Supplied records
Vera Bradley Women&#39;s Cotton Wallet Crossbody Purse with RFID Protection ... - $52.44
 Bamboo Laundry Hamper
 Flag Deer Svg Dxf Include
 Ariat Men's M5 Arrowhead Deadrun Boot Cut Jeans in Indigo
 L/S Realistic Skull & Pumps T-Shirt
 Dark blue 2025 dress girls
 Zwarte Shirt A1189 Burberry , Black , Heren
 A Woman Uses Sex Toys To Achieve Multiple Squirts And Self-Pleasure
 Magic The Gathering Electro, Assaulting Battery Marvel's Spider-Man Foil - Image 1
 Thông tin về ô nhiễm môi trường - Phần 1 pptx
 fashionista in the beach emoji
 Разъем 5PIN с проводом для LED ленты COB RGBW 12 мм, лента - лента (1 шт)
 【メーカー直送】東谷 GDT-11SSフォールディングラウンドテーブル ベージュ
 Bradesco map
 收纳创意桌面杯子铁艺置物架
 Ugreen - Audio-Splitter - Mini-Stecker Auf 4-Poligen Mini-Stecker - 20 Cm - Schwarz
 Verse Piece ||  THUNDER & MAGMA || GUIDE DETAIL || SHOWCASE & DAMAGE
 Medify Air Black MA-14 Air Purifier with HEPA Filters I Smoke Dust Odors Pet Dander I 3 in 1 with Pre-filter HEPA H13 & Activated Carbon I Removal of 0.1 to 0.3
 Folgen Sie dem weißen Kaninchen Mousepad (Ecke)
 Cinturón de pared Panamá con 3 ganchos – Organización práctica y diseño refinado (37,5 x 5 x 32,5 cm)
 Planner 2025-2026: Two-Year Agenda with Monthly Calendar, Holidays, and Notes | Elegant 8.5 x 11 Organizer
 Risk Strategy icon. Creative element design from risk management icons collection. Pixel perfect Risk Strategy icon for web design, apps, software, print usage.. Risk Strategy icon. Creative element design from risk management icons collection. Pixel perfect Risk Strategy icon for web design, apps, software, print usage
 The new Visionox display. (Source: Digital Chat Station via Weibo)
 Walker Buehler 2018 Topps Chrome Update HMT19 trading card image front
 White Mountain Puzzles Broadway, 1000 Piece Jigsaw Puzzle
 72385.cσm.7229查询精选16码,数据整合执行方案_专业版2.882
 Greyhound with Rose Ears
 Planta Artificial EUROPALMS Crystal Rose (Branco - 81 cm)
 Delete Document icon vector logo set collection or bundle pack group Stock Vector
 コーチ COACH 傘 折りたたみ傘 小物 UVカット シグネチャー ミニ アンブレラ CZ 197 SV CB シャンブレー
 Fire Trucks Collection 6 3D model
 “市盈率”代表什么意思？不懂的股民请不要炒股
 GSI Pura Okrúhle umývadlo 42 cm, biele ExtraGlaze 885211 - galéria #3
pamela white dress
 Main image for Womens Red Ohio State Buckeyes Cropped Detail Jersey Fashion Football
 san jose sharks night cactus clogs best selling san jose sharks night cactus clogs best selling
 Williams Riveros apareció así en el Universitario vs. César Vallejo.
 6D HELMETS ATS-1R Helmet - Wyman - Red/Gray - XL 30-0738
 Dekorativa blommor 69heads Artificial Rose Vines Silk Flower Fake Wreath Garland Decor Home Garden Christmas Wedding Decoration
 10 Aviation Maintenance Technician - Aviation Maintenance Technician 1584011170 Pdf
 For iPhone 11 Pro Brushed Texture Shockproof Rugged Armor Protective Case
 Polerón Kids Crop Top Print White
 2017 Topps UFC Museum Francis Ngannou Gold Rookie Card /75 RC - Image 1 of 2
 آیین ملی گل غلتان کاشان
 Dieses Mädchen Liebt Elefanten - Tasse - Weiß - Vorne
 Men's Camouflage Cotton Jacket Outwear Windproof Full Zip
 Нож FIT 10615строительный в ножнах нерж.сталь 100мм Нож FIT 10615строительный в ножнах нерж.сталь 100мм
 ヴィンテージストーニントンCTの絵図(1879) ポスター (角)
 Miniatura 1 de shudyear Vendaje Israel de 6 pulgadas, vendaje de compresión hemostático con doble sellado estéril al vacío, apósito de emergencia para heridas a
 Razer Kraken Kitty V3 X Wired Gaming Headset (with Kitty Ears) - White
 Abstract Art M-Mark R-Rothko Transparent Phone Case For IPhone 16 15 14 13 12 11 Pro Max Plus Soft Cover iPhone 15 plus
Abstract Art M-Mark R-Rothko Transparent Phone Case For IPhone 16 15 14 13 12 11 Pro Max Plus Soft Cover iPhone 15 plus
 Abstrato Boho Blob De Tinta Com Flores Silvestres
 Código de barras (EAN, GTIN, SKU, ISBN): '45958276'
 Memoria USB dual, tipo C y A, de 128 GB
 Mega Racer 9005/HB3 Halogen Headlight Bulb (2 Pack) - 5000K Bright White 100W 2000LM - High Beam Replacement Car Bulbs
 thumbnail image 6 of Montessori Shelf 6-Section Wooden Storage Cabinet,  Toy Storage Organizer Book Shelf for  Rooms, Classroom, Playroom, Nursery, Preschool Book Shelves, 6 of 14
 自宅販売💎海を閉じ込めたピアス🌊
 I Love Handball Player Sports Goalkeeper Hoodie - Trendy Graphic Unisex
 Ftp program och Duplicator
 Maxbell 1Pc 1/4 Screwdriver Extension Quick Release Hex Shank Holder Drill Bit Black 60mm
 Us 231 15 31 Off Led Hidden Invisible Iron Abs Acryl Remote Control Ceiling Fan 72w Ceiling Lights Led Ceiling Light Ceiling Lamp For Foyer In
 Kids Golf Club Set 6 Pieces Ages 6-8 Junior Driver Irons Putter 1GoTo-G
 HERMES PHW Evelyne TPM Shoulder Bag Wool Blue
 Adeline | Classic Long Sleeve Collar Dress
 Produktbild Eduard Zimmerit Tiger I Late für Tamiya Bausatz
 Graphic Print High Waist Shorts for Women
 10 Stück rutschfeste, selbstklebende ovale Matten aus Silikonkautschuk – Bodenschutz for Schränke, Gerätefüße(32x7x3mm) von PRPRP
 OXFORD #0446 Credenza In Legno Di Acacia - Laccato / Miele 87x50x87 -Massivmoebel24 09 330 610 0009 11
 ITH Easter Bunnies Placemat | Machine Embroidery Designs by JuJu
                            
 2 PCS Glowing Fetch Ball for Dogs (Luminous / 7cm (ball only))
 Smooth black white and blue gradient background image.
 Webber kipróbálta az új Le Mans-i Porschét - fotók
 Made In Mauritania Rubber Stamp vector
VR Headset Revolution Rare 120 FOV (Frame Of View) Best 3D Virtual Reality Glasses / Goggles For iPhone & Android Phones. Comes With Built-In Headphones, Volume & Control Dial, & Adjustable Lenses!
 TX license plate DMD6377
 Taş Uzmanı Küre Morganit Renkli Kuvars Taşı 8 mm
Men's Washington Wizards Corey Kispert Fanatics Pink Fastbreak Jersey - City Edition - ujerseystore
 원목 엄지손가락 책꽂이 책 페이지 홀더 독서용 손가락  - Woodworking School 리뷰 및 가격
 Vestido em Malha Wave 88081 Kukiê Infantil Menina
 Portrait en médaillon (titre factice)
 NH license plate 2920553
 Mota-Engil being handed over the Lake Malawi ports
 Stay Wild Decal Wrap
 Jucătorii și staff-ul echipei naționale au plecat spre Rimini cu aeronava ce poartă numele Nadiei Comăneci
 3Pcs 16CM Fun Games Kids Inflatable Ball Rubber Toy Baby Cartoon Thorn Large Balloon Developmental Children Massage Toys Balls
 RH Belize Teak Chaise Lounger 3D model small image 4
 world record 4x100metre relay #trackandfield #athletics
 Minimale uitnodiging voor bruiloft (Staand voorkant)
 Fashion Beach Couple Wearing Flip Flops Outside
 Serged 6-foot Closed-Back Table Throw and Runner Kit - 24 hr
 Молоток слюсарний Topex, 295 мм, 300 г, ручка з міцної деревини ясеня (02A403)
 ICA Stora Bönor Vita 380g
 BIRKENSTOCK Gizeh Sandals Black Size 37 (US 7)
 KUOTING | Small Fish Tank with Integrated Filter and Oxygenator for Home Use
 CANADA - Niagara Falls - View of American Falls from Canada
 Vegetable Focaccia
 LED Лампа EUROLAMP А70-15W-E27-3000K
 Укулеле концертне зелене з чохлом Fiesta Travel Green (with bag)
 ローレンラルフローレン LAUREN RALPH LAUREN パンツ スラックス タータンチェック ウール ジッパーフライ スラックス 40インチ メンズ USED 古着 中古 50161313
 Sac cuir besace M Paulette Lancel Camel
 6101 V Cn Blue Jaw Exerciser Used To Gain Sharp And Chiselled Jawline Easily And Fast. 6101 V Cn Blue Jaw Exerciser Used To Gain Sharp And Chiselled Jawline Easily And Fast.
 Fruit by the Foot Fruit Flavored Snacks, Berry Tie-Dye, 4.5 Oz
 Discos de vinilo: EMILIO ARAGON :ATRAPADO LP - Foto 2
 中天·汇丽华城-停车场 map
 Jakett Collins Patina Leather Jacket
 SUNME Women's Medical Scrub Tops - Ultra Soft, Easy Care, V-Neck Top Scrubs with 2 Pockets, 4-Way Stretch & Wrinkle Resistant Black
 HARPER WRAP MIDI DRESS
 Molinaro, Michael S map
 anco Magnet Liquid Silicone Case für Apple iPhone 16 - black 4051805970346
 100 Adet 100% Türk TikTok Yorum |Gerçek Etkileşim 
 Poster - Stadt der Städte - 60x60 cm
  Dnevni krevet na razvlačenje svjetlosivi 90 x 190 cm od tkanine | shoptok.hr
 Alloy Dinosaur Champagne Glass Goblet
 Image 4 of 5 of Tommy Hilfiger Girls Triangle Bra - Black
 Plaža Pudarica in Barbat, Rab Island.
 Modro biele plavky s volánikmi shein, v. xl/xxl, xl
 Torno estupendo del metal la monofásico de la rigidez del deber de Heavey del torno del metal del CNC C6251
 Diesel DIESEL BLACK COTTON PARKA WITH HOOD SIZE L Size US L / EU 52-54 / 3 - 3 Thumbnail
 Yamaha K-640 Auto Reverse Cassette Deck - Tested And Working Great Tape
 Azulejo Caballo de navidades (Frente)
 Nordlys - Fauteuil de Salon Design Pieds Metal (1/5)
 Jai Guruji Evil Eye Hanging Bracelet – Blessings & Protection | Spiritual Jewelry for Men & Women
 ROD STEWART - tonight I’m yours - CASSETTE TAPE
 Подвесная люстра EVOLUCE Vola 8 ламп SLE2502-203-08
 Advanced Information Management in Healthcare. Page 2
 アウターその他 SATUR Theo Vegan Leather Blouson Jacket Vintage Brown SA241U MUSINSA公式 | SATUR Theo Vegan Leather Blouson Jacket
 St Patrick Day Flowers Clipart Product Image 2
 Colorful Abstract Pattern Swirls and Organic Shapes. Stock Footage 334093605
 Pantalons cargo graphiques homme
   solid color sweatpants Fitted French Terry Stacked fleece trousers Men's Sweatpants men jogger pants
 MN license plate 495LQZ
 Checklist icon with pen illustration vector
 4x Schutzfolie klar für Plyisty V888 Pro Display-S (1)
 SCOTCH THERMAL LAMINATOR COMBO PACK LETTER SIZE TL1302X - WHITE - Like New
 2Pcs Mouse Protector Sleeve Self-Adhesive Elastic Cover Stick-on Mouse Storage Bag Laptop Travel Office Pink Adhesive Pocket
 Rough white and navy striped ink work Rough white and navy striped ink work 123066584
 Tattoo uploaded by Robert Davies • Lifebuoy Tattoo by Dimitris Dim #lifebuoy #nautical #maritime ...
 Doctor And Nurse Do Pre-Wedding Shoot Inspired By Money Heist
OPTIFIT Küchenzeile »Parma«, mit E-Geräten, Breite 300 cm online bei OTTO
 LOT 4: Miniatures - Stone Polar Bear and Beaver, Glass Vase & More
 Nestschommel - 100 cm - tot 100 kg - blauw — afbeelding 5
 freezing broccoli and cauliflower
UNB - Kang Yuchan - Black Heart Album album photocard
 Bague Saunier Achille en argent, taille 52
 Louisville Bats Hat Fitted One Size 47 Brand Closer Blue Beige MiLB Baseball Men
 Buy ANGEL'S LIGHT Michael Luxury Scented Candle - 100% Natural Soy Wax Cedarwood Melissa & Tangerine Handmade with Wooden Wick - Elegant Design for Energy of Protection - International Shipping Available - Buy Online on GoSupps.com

Work instructions
Please copy, exactly and with nothing else, the lines above beginning at the line that has "I Love Handball" and ending with the line that has "ITH Easter Bunnies".

Expected answer
 I Love Handball Player Sports Goalkeeper Hoodie - Trendy Graphic Unisex
 Ftp program och Duplicator
 Maxbell 1Pc 1/4 Screwdriver Extension Quick Release Hex Shank Holder Drill Bit Black 60mm
 Us 231 15 31 Off Led Hidden Invisible Iron Abs Acryl Remote Control Ceiling Fan 72w Ceiling Lights Led Ceiling Light Ceiling Lamp For Foyer In
 Kids Golf Club Set 6 Pieces Ages 6-8 Junior Driver Irons Putter 1GoTo-G
 HERMES PHW Evelyne TPM Shoulder Bag Wool Blue
 Adeline | Classic Long Sleeve Collar Dress
 Produktbild Eduard Zimmerit Tiger I Late für Tamiya Bausatz
 Graphic Print High Waist Shorts for Women
 10 Stück rutschfeste, selbstklebende ovale Matten aus Silikonkautschuk – Bodenschutz for Schränke, Gerätefüße(32x7x3mm) von PRPRP
 OXFORD #0446 Credenza In Legno Di Acacia - Laccato / Miele 87x50x87 -Massivmoebel24 09 330 610 0009 11
 ITH Easter Bunnies Placemat | Machine Embroidery Designs by JuJu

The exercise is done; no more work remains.